I was living what felt like the life. I had my dream car, played all day and night, and made life long best friends.
Eventually though, after running out of money, and failing to find a steady job, my parents told me to come on home.
I hated it. I cried every day, and vowed that I would make no friends, date nobody, and just save all of my money to go back. (I'm not dramatic at all. Ha.)
But then I met someone-and we got married. And this light clicked in my head that THIS was the reason things didn't work out in Utah-because Heavenly Father knew my spouse was here, and this was where I needed to be.

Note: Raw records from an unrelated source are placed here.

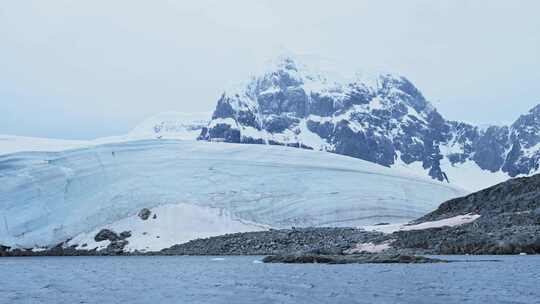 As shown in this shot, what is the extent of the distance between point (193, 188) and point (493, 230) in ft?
90.7

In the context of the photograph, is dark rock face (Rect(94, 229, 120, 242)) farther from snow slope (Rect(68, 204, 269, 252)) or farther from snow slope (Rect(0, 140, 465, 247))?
snow slope (Rect(0, 140, 465, 247))

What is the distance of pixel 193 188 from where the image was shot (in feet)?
235

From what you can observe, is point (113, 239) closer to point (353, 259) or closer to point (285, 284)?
point (353, 259)

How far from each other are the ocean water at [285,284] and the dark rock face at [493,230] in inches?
340

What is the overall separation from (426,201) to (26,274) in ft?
152

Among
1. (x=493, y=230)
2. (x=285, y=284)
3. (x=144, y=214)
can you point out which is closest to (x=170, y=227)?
(x=144, y=214)

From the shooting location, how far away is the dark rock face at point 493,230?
50938 millimetres

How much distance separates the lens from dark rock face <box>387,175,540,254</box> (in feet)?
167

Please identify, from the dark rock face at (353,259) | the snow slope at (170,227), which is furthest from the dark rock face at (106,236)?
the dark rock face at (353,259)

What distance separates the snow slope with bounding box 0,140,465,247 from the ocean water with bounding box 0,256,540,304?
81.5 feet

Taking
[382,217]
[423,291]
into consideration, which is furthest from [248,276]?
[382,217]

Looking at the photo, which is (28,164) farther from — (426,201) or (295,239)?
(426,201)

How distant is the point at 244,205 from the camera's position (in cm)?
6988

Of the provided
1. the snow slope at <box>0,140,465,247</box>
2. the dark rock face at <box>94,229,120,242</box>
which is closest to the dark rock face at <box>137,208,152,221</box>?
the snow slope at <box>0,140,465,247</box> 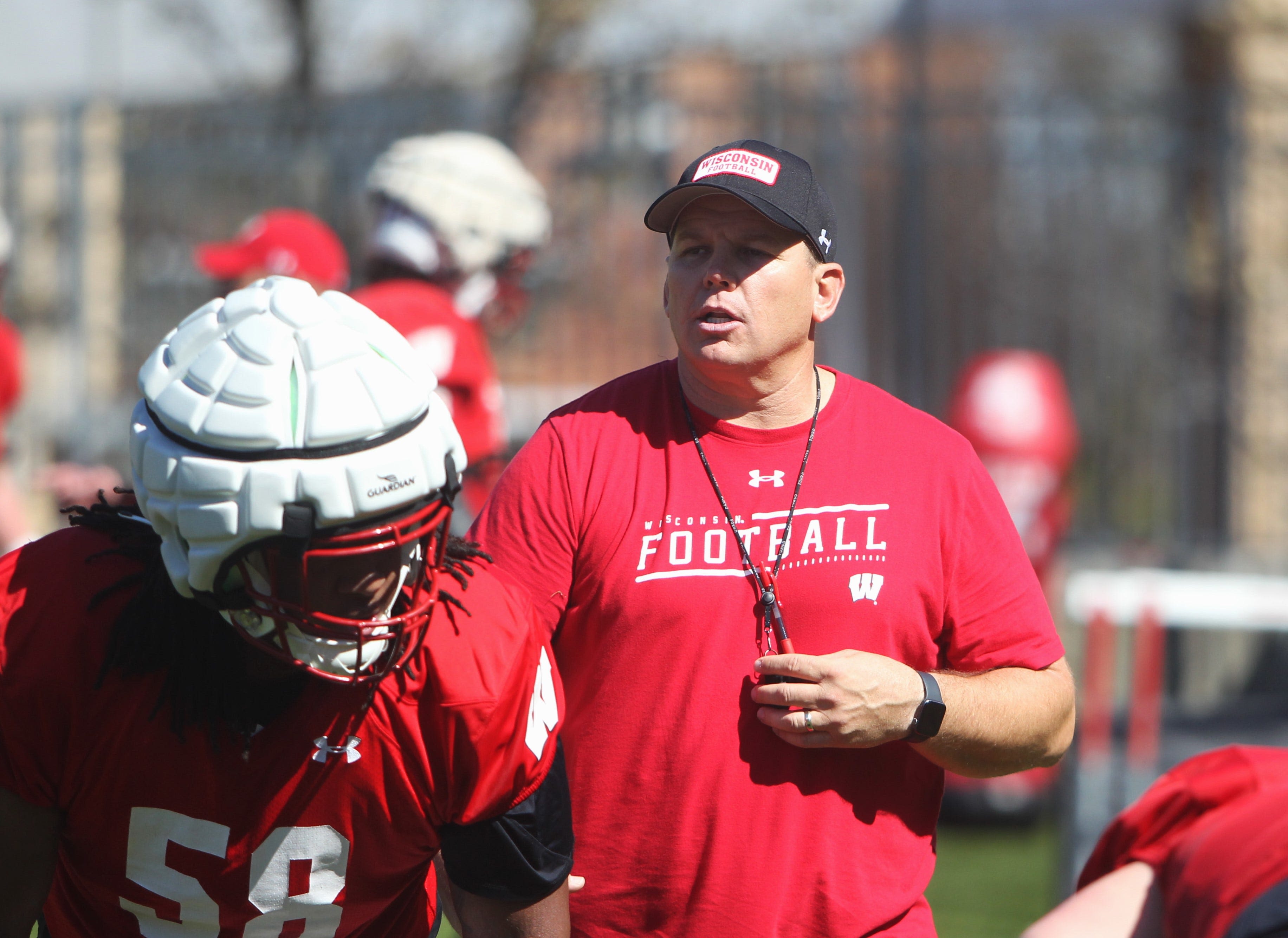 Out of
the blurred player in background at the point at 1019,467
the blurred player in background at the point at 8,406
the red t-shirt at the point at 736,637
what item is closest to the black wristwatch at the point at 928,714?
the red t-shirt at the point at 736,637

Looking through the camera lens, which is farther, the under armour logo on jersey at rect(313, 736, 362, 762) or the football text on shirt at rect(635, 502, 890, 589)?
the football text on shirt at rect(635, 502, 890, 589)

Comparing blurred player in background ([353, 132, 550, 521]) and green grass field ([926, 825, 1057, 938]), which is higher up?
blurred player in background ([353, 132, 550, 521])

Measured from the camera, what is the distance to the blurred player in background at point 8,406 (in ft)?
14.7

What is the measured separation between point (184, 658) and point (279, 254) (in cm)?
241

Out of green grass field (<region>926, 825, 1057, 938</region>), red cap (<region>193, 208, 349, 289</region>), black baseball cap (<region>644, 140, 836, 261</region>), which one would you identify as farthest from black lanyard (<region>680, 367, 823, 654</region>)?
green grass field (<region>926, 825, 1057, 938</region>)

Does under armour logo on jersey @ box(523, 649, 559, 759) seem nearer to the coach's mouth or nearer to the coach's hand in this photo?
the coach's hand

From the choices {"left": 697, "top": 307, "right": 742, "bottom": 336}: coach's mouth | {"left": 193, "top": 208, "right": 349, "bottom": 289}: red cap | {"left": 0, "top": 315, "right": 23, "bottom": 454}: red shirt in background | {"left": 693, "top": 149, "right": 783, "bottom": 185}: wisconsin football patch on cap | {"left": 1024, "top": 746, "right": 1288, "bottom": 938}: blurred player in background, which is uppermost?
{"left": 193, "top": 208, "right": 349, "bottom": 289}: red cap

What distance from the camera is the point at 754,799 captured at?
2.38m

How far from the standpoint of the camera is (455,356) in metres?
3.83

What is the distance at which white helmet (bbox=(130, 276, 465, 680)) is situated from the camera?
1.83m

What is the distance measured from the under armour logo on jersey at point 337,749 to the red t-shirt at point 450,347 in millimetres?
1784

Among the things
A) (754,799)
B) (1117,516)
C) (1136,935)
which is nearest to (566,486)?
(754,799)

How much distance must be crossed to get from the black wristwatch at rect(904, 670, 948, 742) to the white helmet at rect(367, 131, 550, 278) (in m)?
2.25

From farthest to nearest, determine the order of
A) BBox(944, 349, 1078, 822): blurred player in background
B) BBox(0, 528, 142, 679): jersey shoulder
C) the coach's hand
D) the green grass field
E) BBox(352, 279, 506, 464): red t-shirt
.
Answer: BBox(944, 349, 1078, 822): blurred player in background
the green grass field
BBox(352, 279, 506, 464): red t-shirt
the coach's hand
BBox(0, 528, 142, 679): jersey shoulder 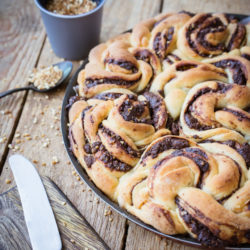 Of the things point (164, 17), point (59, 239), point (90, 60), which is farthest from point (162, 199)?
point (164, 17)

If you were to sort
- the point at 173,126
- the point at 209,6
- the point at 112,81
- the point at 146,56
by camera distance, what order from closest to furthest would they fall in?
the point at 173,126 < the point at 112,81 < the point at 146,56 < the point at 209,6

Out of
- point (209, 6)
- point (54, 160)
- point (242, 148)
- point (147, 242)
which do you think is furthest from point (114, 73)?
point (209, 6)

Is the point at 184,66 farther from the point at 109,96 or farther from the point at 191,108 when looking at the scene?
the point at 109,96

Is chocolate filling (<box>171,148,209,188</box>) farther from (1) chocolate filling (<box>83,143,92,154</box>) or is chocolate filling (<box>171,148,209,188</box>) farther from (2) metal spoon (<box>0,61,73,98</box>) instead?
(2) metal spoon (<box>0,61,73,98</box>)

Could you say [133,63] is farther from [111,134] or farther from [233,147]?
[233,147]

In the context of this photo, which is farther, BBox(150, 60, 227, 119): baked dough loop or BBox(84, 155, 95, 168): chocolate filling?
BBox(150, 60, 227, 119): baked dough loop

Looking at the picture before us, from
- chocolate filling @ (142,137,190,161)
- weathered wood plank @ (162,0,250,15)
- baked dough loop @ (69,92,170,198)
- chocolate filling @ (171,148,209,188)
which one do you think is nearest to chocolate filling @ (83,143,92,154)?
baked dough loop @ (69,92,170,198) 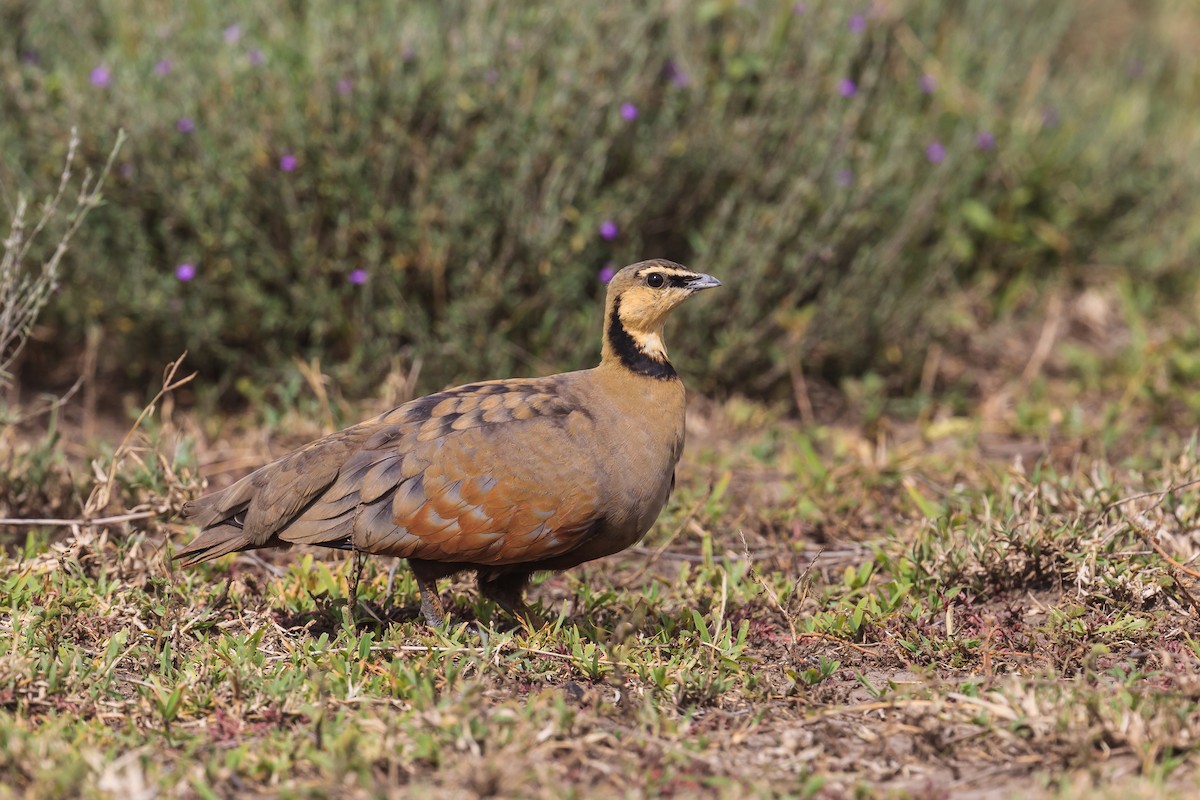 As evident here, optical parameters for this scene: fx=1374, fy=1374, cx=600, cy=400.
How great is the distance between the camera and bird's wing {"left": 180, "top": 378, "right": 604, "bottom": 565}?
4.39 m

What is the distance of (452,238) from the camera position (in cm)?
675

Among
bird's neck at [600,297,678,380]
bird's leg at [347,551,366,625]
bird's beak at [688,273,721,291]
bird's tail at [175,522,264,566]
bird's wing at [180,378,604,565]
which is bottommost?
bird's leg at [347,551,366,625]

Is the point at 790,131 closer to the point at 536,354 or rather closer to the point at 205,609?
the point at 536,354

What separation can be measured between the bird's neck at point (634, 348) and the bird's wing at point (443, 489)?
289 millimetres

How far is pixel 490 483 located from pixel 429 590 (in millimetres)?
515

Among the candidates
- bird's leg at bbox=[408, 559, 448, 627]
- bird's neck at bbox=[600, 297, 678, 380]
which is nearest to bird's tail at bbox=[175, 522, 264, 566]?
bird's leg at bbox=[408, 559, 448, 627]

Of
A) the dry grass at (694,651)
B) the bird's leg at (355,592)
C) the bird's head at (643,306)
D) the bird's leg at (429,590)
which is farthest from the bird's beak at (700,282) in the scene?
the bird's leg at (355,592)

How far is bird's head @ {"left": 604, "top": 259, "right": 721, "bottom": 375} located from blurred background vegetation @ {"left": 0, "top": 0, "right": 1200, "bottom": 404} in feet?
5.97

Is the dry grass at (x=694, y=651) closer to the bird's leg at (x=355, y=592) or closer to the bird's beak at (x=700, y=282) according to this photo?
the bird's leg at (x=355, y=592)

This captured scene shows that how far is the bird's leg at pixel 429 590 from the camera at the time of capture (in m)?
4.59

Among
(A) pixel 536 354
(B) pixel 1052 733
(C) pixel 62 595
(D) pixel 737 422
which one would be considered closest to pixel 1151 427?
(D) pixel 737 422

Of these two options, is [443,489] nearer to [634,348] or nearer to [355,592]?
[355,592]

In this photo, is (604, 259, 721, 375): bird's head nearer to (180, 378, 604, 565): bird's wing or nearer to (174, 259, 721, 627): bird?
(174, 259, 721, 627): bird

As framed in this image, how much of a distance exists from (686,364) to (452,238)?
143 centimetres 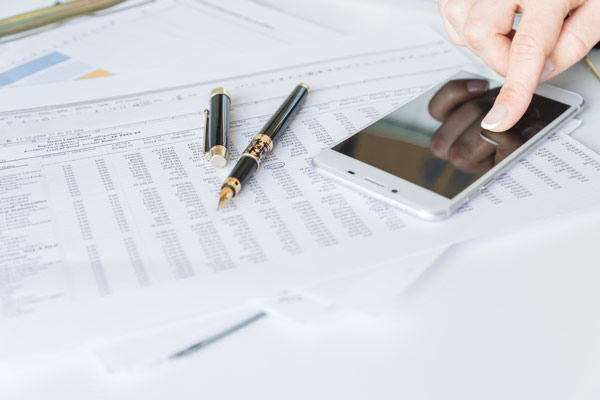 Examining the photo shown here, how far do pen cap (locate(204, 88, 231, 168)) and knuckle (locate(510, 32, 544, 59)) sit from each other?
29cm

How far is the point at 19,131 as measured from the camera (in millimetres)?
583

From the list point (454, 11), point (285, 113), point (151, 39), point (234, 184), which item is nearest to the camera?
point (234, 184)

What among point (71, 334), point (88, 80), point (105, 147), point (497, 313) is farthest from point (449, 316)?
point (88, 80)

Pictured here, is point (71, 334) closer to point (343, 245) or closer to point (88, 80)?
point (343, 245)

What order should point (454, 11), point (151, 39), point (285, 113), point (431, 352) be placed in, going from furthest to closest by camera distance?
point (151, 39) → point (454, 11) → point (285, 113) → point (431, 352)

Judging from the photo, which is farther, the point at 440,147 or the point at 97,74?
the point at 97,74

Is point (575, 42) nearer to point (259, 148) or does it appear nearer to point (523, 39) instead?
point (523, 39)

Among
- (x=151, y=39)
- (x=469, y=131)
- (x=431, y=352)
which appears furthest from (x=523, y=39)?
(x=151, y=39)

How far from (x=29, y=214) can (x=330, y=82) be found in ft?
1.17

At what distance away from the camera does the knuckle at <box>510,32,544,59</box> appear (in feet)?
1.90

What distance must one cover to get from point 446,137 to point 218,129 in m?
0.22

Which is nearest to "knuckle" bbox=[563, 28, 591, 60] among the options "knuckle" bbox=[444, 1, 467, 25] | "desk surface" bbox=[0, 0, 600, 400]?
"knuckle" bbox=[444, 1, 467, 25]

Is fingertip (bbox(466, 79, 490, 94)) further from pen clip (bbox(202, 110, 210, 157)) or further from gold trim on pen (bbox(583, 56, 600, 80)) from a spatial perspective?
pen clip (bbox(202, 110, 210, 157))

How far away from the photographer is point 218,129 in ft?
1.86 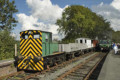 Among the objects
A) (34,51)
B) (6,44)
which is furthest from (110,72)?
(6,44)

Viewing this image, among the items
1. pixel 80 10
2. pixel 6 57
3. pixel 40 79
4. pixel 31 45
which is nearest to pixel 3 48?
pixel 6 57

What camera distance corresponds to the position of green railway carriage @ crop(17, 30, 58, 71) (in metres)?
8.52

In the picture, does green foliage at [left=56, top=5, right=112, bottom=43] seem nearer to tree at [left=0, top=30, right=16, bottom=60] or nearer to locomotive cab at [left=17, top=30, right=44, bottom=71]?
tree at [left=0, top=30, right=16, bottom=60]

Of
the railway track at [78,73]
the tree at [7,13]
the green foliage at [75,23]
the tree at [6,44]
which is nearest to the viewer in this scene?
the railway track at [78,73]

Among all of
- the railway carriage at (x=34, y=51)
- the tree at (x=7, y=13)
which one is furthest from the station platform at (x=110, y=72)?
the tree at (x=7, y=13)

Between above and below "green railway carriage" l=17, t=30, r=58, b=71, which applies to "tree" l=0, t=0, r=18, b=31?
above

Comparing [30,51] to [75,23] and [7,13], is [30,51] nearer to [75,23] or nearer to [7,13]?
[7,13]

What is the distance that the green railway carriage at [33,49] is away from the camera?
8.52 m

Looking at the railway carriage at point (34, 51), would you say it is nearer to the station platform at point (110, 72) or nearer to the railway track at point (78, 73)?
the railway track at point (78, 73)

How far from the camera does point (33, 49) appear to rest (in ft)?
28.9

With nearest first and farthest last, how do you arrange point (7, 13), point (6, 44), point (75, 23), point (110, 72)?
point (110, 72) → point (6, 44) → point (7, 13) → point (75, 23)

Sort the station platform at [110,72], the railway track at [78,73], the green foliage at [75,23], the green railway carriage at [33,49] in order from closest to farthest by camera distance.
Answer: the station platform at [110,72], the railway track at [78,73], the green railway carriage at [33,49], the green foliage at [75,23]

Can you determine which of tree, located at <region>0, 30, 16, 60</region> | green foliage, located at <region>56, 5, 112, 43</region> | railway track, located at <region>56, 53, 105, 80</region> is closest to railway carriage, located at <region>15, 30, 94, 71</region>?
railway track, located at <region>56, 53, 105, 80</region>

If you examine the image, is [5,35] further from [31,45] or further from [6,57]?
[31,45] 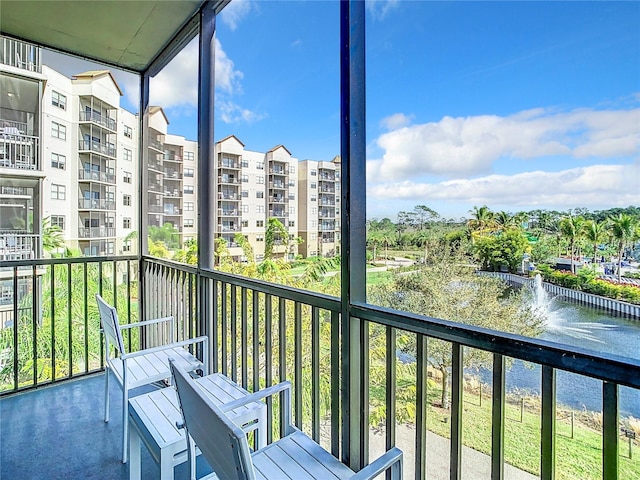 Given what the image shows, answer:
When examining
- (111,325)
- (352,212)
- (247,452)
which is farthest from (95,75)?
(247,452)

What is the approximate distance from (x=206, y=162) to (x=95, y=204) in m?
1.36

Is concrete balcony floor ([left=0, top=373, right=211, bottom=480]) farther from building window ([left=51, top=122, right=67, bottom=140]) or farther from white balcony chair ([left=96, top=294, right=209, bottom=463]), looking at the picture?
building window ([left=51, top=122, right=67, bottom=140])

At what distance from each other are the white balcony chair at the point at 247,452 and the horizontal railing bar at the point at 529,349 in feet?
1.29

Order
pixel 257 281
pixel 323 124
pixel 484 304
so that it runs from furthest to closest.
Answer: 1. pixel 323 124
2. pixel 257 281
3. pixel 484 304

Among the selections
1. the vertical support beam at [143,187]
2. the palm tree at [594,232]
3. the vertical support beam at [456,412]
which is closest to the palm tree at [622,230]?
the palm tree at [594,232]

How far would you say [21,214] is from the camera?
2.71 m

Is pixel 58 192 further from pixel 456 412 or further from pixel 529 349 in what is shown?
pixel 529 349

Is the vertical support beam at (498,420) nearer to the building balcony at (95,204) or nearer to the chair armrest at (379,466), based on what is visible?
the chair armrest at (379,466)

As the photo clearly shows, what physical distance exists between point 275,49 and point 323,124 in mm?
1108

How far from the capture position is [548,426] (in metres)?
0.94

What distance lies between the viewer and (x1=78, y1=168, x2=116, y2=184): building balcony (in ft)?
9.85

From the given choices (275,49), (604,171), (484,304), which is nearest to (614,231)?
(604,171)

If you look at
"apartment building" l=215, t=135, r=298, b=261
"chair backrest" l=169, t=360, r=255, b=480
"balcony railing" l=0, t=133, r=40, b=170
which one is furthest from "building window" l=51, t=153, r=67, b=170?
"chair backrest" l=169, t=360, r=255, b=480

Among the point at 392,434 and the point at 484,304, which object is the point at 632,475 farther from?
→ the point at 392,434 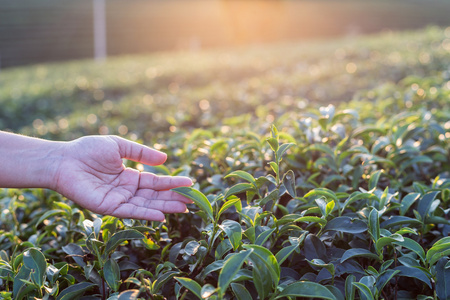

And ever since the day that my marriage ended, all I've wanted is to go back. Maybe I'm romanticizing it. Maybe it's really not all that it's cracked up to be.
Sometimes I think rationally, and realize that I have it great here-my social life has exploded, I live near my family, and I don't want to miss my niece growing up, or Kelsey and Heather graduating from high school. But a huge part of me has realized what a small town Mesa is-and it feels even smaller when you're divorced. Everybody knows everybody somehow, and sometimes a fresh start sounds like a dream come true.
So why don't I just go, you ask? Well. There's the lack of job in Utah (*cough somebodyfindmeone cough*), the lack of money now, and the reality that I have nothing there but a few idealized memories with friends who have moved on with their lives.
But sometimes, or way too frequently in my case, it's OK to reminisce, and wish you had a time machine. So I'll do just that today. And probably tomorrow too.